サシ(脂肪)が入った牛肉(平沢裕子撮影) サシ(脂肪)が入った牛肉(平沢裕子撮影)

ホルモン牛肉紛争

 米国やカナダ、オーストラリアでは、家畜の成長(肥育)を促す目的で牛や豚にホルモン剤を投与している。

 一方、EUは(1)家畜へのホルモン剤投与(2)ホルモン剤を使った牛肉の輸入…のいずれも禁止にしている。

 このEUによる輸入禁止を巡る米国との対立は「ホルモン牛肉紛争」と呼ばれ、98年のWTO(世界貿易機関)裁定でEUは負けている。ホルモン剤の使用が人の健康に悪影響を与えることの、科学的根拠を示せなかったからだ。

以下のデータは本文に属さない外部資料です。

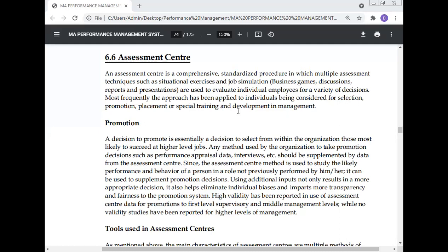Today, Prof. Dr. Manoj Kumar will continue his lecture on his book of Performance Management, and today he will discuss about the Assessment Center. Prof. Dr. Manoj Kumar has written numerous research papers and books, and his publications are published throughout the world. In the continuation of the Performance Management, he will discuss today about the Assessment Center.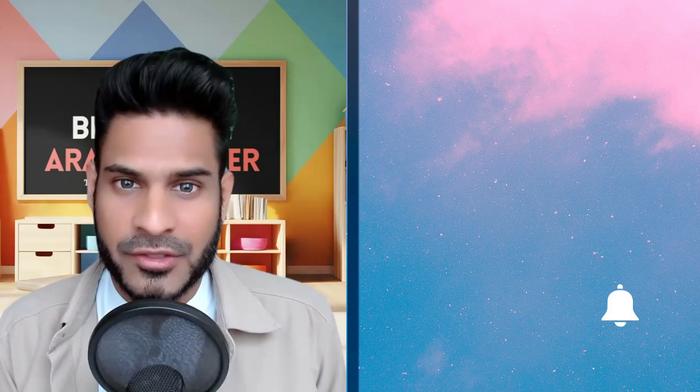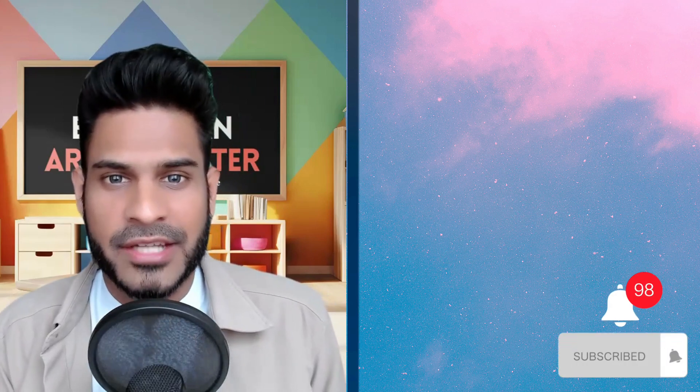That's it for this episode of Arabic Scripts. Don't forget to like, share, comment and subscribe. See you on the next one. Assalamualaikum.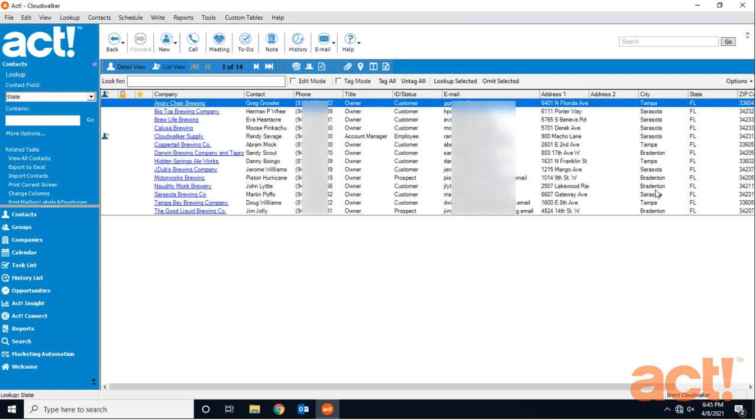So let's say that I'm sending a contract agreement to a new client and I'd like to save some time by finding some of the cover letters that I've used in the past with other clients. To locate these, I'm going to go to the universal search box in the upper right corner and I'm going to type DOC for document and PDF.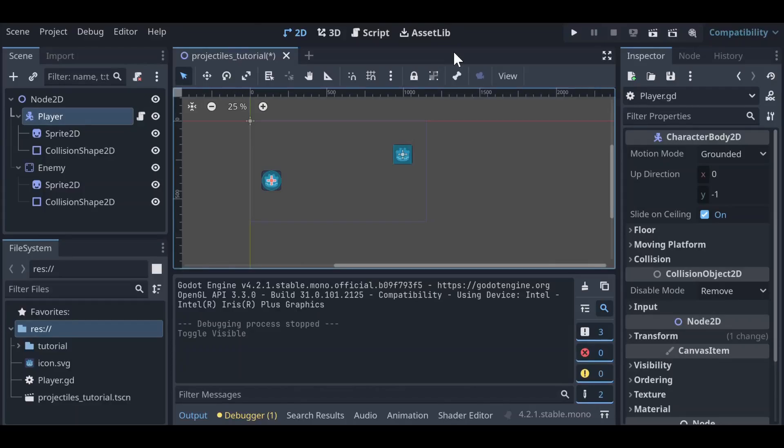Hi everyone, this is Hans from Tundra Feed and Supply Company. Today we're going to be looking at how to create projectiles in Godot 4.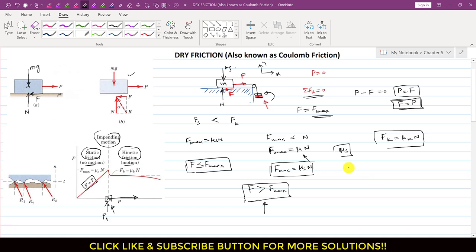When solving friction problems, we normally assume static equilibrium first. If the friction value from equilibrium is less than or equal to F_max, that is the answer. If the friction value comes out greater than F_max, we conclude our assumption is wrong — the body is not in static equilibrium — and we find the kinetic friction using F_k equals μ_k × N. Let's solve an example using this concept.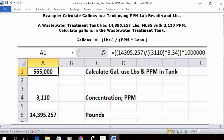two open parentheses, 14,395.257, one closed parenthesis, division key, two open parentheses, 3,110, one closed parenthesis, multiplication key, 8.342, closed parenthesis, multiplication key, 1,000,000. Press enter and in cell A1 is your answer: 555,000 gallons in the tank.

 負けたが、EUは高率の関税賦課などのペナルティーを支払いながら、なお米国のホルモン剤使用牛肉の輸入を禁止し続けている。

 この結果、まことしやかに語られるのが「EUでは89年に肥育ホルモン剤使用牛肉の輸入禁止後、乳がん死亡率が大きく下がった」という説だ。

 しかし、WHO(世界保健機関)によると、乳がん死亡率は欧米で90年代をピークに減少している。肥育ホルモン剤を使っている米国でもEU同様に下がっているのだ。

 日本とは比べものにならないぐらい牛肉の消費量が多い米国で乳がん死亡率が下がっているのだから、牛肉へのホルモン剤使用と乳がん死亡率に因果関係はない、と考えるのが妥当ではないか。